Find the line with "Now you can" in the records below. Copy it and every line after it, up to and including the line with "Some of you".

## Material provided

--- --- ---

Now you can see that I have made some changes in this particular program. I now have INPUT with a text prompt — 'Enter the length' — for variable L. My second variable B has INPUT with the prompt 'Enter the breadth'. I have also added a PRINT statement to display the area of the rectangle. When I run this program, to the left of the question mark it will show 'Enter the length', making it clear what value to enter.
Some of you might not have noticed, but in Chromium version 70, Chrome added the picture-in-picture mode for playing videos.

--- --- ---

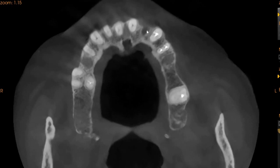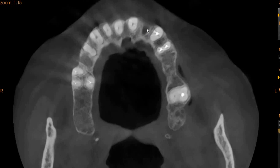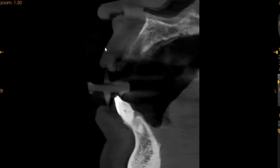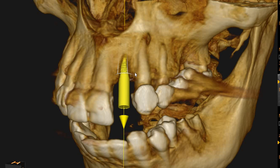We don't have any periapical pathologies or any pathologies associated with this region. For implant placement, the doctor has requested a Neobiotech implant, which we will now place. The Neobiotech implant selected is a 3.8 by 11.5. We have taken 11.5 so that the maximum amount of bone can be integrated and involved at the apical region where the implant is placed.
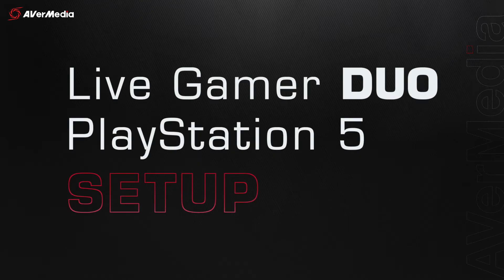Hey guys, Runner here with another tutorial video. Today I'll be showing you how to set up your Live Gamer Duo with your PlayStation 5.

--- --- ---

## Written solution
Now you can see that I have made some changes in this particular program. I now have INPUT with a text prompt — 'Enter the length' — for variable L. My second variable B has INPUT with the prompt 'Enter the breadth'. I have also added a PRINT statement to display the area of the rectangle. When I run this program, to the left of the question mark it will show 'Enter the length', making it clear what value to enter.
Some of you might not have noticed, but in Chromium version 70, Chrome added the picture-in-picture mode for playing videos.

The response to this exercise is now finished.